▶ [Task requirements]:
Go through the lines below and transcribe each one exactly.

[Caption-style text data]
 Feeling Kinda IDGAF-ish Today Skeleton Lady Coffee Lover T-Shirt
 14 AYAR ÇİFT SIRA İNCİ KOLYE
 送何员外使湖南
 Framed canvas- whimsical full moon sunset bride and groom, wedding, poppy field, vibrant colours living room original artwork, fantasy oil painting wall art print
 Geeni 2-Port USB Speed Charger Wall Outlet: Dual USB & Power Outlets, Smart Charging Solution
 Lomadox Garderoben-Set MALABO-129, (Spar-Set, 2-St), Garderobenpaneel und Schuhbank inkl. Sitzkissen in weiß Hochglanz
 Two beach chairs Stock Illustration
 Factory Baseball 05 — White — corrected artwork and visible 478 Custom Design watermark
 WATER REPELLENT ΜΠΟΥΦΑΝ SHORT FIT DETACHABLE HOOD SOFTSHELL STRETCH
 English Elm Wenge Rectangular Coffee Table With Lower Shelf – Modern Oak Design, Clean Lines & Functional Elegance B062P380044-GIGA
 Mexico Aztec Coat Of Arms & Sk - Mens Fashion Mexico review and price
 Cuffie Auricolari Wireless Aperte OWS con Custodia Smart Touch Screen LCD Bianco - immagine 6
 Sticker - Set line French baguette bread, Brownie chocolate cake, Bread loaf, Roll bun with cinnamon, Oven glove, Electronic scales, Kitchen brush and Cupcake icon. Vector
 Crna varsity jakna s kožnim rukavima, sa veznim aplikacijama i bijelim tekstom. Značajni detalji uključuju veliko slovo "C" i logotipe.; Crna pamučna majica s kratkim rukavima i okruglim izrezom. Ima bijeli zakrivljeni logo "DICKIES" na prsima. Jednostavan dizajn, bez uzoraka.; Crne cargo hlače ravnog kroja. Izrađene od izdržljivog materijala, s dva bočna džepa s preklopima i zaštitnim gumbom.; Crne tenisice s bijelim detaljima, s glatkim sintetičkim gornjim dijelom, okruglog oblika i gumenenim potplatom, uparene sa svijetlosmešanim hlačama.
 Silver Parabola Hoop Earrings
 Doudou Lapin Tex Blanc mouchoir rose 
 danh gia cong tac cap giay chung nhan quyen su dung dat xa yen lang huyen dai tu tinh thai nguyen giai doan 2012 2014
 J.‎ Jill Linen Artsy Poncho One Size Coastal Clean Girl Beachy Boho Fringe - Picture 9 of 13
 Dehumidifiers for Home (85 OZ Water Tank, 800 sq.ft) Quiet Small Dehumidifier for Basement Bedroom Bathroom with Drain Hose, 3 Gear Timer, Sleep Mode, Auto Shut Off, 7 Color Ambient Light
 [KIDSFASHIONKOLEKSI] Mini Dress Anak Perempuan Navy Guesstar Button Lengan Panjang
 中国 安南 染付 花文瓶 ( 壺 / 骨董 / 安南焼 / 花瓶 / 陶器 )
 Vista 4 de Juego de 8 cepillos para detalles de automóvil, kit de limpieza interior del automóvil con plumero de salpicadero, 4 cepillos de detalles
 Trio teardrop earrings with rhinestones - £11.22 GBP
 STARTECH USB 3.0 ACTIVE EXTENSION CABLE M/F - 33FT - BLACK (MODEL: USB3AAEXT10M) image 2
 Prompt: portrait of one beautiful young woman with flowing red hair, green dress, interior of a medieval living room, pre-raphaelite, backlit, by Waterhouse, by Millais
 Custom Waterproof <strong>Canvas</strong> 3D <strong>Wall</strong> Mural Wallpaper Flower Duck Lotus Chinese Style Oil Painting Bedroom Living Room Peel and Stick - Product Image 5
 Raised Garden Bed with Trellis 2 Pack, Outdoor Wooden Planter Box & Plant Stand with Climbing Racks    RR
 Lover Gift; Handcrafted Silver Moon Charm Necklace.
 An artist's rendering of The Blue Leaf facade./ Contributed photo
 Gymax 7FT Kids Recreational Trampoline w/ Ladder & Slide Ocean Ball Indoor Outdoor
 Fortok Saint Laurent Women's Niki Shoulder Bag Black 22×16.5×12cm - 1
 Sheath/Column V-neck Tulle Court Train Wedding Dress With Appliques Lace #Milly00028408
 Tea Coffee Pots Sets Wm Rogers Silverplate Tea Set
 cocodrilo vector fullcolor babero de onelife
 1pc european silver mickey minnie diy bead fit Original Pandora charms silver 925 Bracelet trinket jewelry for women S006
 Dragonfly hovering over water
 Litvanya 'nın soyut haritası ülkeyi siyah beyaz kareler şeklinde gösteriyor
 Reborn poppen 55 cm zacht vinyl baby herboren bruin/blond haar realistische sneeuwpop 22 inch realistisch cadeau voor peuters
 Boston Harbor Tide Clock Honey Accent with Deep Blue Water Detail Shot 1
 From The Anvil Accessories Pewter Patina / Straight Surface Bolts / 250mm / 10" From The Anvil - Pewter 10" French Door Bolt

▶ [Response]:
 Feeling Kinda IDGAF-ish Today Skeleton Lady Coffee Lover T-Shirt
 14 AYAR ÇİFT SIRA İNCİ KOLYE
 送何员外使湖南
 Framed canvas- whimsical full moon sunset bride and groom, wedding, poppy field, vibrant colours living room original artwork, fantasy oil painting wall art print
 Geeni 2-Port USB Speed Charger Wall Outlet: Dual USB & Power Outlets, Smart Charging Solution
 Lomadox Garderoben-Set MALABO-129, (Spar-Set, 2-St), Garderobenpaneel und Schuhbank inkl. Sitzkissen in weiß Hochglanz
 Two beach chairs Stock Illustration
 Factory Baseball 05 — White — corrected artwork and visible 478 Custom Design watermark
 WATER REPELLENT ΜΠΟΥΦΑΝ SHORT FIT DETACHABLE HOOD SOFTSHELL STRETCH
 English Elm Wenge Rectangular Coffee Table With Lower Shelf – Modern Oak Design, Clean Lines & Functional Elegance B062P380044-GIGA
 Mexico Aztec Coat Of Arms & Sk - Mens Fashion Mexico review and price
 Cuffie Auricolari Wireless Aperte OWS con Custodia Smart Touch Screen LCD Bianco - immagine 6
 Sticker - Set line French baguette bread, Brownie chocolate cake, Bread loaf, Roll bun with cinnamon, Oven glove, Electronic scales, Kitchen brush and Cupcake icon. Vector
 Crna varsity jakna s kožnim rukavima, sa veznim aplikacijama i bijelim tekstom. Značajni detalji uključuju veliko slovo "C" i logotipe.; Crna pamučna majica s kratkim rukavima i okruglim izrezom. Ima bijeli zakrivljeni logo "DICKIES" na prsima. Jednostavan dizajn, bez uzoraka.; Crne cargo hlače ravnog kroja. Izrađene od izdržljivog materijala, s dva bočna džepa s preklopima i zaštitnim gumbom.; Crne tenisice s bijelim detaljima, s glatkim sintetičkim gornjim dijelom, okruglog oblika i gumenenim potplatom, uparene sa svijetlosmešanim hlačama.
 Silver Parabola Hoop Earrings
 Doudou Lapin Tex Blanc mouchoir rose 
 danh gia cong tac cap giay chung nhan quyen su dung dat xa yen lang huyen dai tu tinh thai nguyen giai doan 2012 2014
 J.‎ Jill Linen Artsy Poncho One Size Coastal Clean Girl Beachy Boho Fringe - Picture 9 of 13
 Dehumidifiers for Home (85 OZ Water Tank, 800 sq.ft) Quiet Small Dehumidifier for Basement Bedroom Bathroom with Drain Hose, 3 Gear Timer, Sleep Mode, Auto Shut Off, 7 Color Ambient Light
 [KIDSFASHIONKOLEKSI] Mini Dress Anak Perempuan Navy Guesstar Button Lengan Panjang
 中国 安南 染付 花文瓶 ( 壺 / 骨董 / 安南焼 / 花瓶 / 陶器 )
 Vista 4 de Juego de 8 cepillos para detalles de automóvil, kit de limpieza interior del automóvil con plumero de salpicadero, 4 cepillos de detalles
 Trio teardrop earrings with rhinestones - £11.22 GBP
 STARTECH USB 3.0 ACTIVE EXTENSION CABLE M/F - 33FT - BLACK (MODEL: USB3AAEXT10M) image 2
 Prompt: portrait of one beautiful young woman with flowing red hair, green dress, interior of a medieval living room, pre-raphaelite, backlit, by Waterhouse, by Millais
 Custom Waterproof <strong>Canvas</strong> 3D <strong>Wall</strong> Mural Wallpaper Flower Duck Lotus Chinese Style Oil Painting Bedroom Living Room Peel and Stick - Product Image 5
 Raised Garden Bed with Trellis 2 Pack, Outdoor Wooden Planter Box & Plant Stand with Climbing Racks    RR
 Lover Gift; Handcrafted Silver Moon Charm Necklace.
 An artist's rendering of The Blue Leaf facade./ Contributed photo
 Gymax 7FT Kids Recreational Trampoline w/ Ladder & Slide Ocean Ball Indoor Outdoor
 Fortok Saint Laurent Women's Niki Shoulder Bag Black 22×16.5×12cm - 1
 Sheath/Column V-neck Tulle Court Train Wedding Dress With Appliques Lace #Milly00028408
 Tea Coffee Pots Sets Wm Rogers Silverplate Tea Set
 cocodrilo vector fullcolor babero de onelife
 1pc european silver mickey minnie diy bead fit Original Pandora charms silver 925 Bracelet trinket jewelry for women S006
 Dragonfly hovering over water
 Litvanya 'nın soyut haritası ülkeyi siyah beyaz kareler şeklinde gösteriyor
 Reborn poppen 55 cm zacht vinyl baby herboren bruin/blond haar realistische sneeuwpop 22 inch realistisch cadeau voor peuters
 Boston Harbor Tide Clock Honey Accent with Deep Blue Water Detail Shot 1
 From The Anvil Accessories Pewter Patina / Straight Surface Bolts / 250mm / 10" From The Anvil - Pewter 10" French Door Bolt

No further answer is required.